··· RECORD EXTRACTS ···
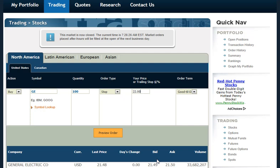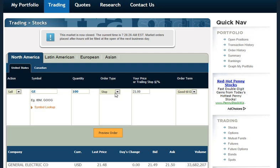On the other side, the sell stop. Suppose I already owned General Electric and I paid $21.50 and I was afraid that it might go down. I could place a sell stop order at $21, which would mean that as long as the price stayed above $21 I wouldn't sell it, but if the stock started to fall, this would allow me to get out and minimize my losses.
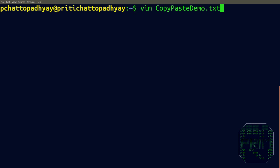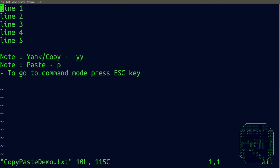Let's look at a demo file. I'll open CopyPasteDemo using the Vim editor. It contains file lines: line 1, line 2, line 3, line 4, line 5, some notes, and a small statement.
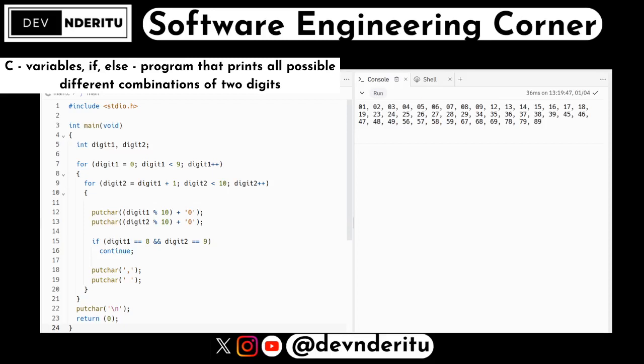Welcome back to the channel — software engineers, programmers, coders. In this video we have a C program that prints all possible different combinations of two digits. In the previous video we did single-digit combinations, but this one is double digits. As you can see in the output, even if it's a single digit, a zero precedes it — so you have 01, 02, then up to 79, 89 at the end. Without further ado, let's get into it.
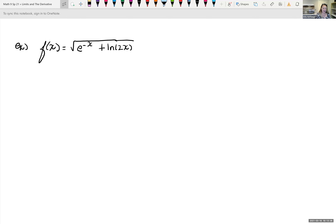In front of us we have an example: f of x is equal to the square root, and the radicand — or what is underneath the radical — is e raised to the negative x power, plus the natural log of 2x, still under the radical. We want to find the derivative of this.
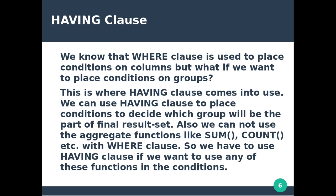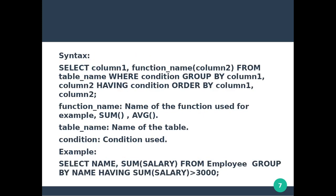We have to use the HAVING clause if we want to use any aggregate function in the condition. The HAVING clause allows us to use aggregate functions like SUM, COUNT, AVG in our conditions.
···
DIRECTIONS FOR THIS TASK: Only the text is to be copied: please reproduce the records exactly and drop the pictures.

FINISHED EXERCISE:
On the other side, the sell stop. Suppose I already owned General Electric and I paid $21.50 and I was afraid that it might go down. I could place a sell stop order at $21, which would mean that as long as the price stayed above $21 I wouldn't sell it, but if the stock started to fall, this would allow me to get out and minimize my losses.
Let's look at a demo file. I'll open CopyPasteDemo using the Vim editor. It contains file lines: line 1, line 2, line 3, line 4, line 5, some notes, and a small statement.
Welcome back to the channel — software engineers, programmers, coders. In this video we have a C program that prints all possible different combinations of two digits. In the previous video we did single-digit combinations, but this one is double digits. As you can see in the output, even if it's a single digit, a zero precedes it — so you have 01, 02, then up to 79, 89 at the end. Without further ado, let's get into it.
In front of us we have an example: f of x is equal to the square root, and the radicand — or what is underneath the radical — is e raised to the negative x power, plus the natural log of 2x, still under the radical. We want to find the derivative of this.
We have to use the HAVING clause if we want to use any aggregate function in the condition. The HAVING clause allows us to use aggregate functions like SUM, COUNT, AVG in our conditions.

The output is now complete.